Sobre la Avaricia y alguna de sus hijas


  

por Alberto Buela

Los filósofos antiguos comenzando por Platón y Aristóteles y siguiendo por todos los medievales y los modernos hasta Kant, e incluso después, siempre han hablado de la avaricia y sus hijas, esto es, de los distintos modalidades en que se manifiesta.
En estos días y a propósito de una fiesta familiar se me despertó el pensamiento sobre ella, que se corroboró por actitud de conocidos en la acumulación exagerada de dinero y bienes y la nula cortedad en el dar. El ver como se afanan por poseer solo para atesorar.

Una digresión

Los Padres de la Iglesia hablaban de ella cuando lo hacían acerca de los siete pecados capitales: la lujuria (sexo), gula (glotonería), avaricia (egoísmo con los bienes), pereza (inacción), ira (agresión a los demás), envidia (poseer lo del otro), soberbia (mejor que el otro).
No es por casualidad o por una arbitrariedad que la avaricia aparece entre las siete faltas más graves que el hombre puede cometer, sino porque de ella se desprenden innumerables hijas: la miserabilidad, la tacañería, la garronería, el amarretismo, el pijoterismo,  el cicaterismo, et alii.

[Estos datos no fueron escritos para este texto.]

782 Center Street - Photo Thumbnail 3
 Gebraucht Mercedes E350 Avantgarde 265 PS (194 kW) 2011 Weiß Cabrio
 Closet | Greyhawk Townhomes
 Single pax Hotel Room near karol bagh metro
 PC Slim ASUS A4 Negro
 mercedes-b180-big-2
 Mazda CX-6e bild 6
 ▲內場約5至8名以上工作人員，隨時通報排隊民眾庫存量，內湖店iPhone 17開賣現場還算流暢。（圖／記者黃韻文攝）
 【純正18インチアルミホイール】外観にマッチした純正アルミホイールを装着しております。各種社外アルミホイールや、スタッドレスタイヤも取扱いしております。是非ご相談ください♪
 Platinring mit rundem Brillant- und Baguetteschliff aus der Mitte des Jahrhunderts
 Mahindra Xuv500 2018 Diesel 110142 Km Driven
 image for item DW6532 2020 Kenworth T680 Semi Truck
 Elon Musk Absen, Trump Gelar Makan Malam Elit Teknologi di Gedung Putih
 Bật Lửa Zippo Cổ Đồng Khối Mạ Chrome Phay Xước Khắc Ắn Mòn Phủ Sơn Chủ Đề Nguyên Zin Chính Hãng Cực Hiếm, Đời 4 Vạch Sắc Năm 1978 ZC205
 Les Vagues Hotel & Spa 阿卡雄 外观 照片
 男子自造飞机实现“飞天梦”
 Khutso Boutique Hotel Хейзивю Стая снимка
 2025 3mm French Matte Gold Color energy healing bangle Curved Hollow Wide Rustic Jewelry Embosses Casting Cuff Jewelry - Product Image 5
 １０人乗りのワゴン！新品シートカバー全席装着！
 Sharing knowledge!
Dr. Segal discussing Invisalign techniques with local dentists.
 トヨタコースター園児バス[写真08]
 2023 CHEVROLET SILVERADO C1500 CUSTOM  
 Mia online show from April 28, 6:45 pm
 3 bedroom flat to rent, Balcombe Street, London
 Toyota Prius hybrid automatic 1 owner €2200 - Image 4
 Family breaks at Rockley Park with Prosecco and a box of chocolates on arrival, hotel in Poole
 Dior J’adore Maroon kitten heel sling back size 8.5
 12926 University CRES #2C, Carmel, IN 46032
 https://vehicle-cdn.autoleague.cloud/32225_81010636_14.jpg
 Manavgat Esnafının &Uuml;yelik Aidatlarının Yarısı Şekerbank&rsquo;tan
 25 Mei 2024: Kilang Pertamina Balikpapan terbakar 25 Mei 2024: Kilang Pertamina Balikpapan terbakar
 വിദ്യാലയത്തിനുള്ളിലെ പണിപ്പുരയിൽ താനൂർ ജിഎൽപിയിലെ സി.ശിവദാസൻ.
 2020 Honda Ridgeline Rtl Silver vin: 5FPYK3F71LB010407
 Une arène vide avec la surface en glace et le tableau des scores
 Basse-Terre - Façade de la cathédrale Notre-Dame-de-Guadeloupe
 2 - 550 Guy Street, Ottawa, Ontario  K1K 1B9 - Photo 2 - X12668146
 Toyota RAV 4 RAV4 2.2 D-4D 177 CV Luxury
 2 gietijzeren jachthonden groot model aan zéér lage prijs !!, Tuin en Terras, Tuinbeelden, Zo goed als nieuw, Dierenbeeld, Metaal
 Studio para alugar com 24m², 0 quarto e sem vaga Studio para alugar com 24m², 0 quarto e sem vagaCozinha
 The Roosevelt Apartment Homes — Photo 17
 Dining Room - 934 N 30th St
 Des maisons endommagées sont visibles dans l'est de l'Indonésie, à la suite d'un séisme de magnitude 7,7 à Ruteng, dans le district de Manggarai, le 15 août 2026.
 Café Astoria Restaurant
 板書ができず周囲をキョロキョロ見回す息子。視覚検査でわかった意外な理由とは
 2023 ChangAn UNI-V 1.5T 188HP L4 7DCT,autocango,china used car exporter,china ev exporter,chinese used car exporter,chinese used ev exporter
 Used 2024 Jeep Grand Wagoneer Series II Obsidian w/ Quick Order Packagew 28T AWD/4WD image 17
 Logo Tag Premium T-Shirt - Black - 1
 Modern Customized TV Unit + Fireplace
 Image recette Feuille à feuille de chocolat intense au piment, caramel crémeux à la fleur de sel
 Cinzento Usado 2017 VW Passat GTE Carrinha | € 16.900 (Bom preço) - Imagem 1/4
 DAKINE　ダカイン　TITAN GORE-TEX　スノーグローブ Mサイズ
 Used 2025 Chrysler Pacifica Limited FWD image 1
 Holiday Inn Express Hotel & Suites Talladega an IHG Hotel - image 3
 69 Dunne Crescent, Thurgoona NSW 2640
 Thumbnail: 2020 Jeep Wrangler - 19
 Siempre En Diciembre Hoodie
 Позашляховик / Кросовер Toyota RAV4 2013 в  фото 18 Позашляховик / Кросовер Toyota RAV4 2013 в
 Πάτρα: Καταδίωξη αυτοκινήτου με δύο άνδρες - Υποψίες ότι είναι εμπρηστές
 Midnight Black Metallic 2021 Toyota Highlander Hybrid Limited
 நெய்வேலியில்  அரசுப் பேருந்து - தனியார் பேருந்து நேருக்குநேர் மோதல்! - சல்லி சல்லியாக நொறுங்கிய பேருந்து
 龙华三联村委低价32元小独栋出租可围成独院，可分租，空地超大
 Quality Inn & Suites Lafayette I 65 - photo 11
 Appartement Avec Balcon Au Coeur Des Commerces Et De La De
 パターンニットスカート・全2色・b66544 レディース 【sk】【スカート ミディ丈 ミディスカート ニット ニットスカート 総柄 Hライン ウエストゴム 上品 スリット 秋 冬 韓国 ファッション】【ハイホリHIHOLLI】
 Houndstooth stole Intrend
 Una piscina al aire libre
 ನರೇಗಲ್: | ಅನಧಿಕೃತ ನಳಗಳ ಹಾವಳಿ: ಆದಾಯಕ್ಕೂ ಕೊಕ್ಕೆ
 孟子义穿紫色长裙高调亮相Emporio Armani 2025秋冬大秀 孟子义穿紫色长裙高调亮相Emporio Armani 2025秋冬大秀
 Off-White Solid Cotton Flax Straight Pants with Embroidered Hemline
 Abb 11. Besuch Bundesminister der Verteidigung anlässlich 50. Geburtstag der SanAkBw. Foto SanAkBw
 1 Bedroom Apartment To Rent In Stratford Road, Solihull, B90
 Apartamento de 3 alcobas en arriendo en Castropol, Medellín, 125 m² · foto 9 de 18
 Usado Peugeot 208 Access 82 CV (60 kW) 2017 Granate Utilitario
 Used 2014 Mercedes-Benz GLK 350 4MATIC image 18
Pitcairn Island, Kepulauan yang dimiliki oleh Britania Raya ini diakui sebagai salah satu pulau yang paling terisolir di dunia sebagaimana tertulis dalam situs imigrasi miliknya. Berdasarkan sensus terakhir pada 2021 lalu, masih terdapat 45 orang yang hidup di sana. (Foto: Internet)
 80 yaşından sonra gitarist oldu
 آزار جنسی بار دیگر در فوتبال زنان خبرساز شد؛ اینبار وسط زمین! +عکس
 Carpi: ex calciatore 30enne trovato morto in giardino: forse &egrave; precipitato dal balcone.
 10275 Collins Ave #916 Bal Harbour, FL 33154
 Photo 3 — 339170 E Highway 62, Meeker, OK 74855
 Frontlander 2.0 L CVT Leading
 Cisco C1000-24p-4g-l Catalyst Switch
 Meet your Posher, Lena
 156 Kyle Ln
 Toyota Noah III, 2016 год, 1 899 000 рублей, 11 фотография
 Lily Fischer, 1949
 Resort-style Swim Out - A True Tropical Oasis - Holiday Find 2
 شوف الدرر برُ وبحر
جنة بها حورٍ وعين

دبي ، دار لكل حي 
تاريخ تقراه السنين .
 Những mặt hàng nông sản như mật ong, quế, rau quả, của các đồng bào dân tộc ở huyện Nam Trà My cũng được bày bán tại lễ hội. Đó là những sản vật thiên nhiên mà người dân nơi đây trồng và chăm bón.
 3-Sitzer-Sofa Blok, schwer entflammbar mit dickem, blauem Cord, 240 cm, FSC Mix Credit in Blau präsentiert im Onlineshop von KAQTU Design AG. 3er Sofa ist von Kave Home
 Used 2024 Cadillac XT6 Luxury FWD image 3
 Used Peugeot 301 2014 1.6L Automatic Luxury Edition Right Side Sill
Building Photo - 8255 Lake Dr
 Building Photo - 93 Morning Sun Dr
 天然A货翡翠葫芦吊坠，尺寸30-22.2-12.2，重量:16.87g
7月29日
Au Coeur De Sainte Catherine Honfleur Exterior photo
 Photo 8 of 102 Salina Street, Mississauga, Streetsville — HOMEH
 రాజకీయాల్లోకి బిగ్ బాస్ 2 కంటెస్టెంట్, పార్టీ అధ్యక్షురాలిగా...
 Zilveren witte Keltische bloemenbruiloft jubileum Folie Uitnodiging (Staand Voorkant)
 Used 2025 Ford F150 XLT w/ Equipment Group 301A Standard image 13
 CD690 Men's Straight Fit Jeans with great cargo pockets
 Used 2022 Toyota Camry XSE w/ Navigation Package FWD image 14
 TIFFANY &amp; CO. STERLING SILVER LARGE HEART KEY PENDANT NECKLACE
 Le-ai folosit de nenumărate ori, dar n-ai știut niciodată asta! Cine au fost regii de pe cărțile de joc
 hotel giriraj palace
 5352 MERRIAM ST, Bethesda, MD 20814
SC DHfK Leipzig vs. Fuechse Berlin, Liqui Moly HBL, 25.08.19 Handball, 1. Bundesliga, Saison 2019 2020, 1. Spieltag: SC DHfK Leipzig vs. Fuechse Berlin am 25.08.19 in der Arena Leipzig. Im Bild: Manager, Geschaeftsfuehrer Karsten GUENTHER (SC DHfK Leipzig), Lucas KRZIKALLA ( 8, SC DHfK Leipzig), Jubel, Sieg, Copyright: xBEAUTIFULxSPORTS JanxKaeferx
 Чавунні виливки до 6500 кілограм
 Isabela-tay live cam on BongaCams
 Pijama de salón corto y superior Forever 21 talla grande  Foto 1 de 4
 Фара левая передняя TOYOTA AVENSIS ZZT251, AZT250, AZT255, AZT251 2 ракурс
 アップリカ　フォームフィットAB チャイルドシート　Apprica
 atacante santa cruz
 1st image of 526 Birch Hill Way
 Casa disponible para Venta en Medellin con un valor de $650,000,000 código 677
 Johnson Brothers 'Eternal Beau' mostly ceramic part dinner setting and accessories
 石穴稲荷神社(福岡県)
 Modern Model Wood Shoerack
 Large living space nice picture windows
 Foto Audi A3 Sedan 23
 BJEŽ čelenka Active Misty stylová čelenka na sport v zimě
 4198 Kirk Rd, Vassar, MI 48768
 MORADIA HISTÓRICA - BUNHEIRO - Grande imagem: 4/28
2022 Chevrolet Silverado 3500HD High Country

Los exégetas antiguos influenciados por los esquemas de la retórica tanto griega como latina realizaron, en general, una interpretación alegórica o por emblemas del Evangelio.
Así los Padres de la Iglesia descomponen parábolas y enseñanzas evangélicas hasta en los menores detalles y dan significado concreto a cada uno de estos detalles lo cual los hace caer, muchas veces, en interpretaciones no sólo arbitrarias sino, incluso, estrafalarias.
Ya los exégetas del Renacimiento con Juan Maldonado a la cabeza vieron que el alegorismo era inconducente y que las enseñanzas del Evangelio debían tener un significado literal único sobre el que no podía haber discusión, sin embargo, ante ciertos pormenores raros que aparecen en sus enseñanzas hablan de “rasgos ornamentales superfluos”. Y así, cuando no pueden explicar algo recurren a esta categoría de rasgos ornamentales superfluos.
Pío XII en la encíclica Divino affante spiritu (1943) va a criticar el alegorismo antiguo y moderno y a proponer el método histórico-crítico.
Casi desde el comienzo de la modernidad se fue imponiendo un racionalismo teológico excesivo que terminó en lo que se denominó “concordismo”, esto es, el esfuerzo por hacer concordar los cuatro Evangelios (ej. Así, si Mateo habla del sermón en la montaña y Lucas del sermón en el llano, la explicación que encontraban es que era tanta la gente que entre todos ocupaban tanto el monte como el bajo). El concordismo fue dejado de lado a comienzos del siglo XX, siglo en donde se destacó la especialización teológica, con especialistas de lo mínimo que terminaron disociando la exégesis bíblica realizada por ellos de la la teología dogmática. Hecho del que se quejó amargamente el gran teólogo progresista Karl Rahner, diciendo que los trabajos de los exégetas suscitan problemas dogmáticos de los que ellos se desentienden totalmente, dejando a los teólogos dogmáticos la resolución de los problemas.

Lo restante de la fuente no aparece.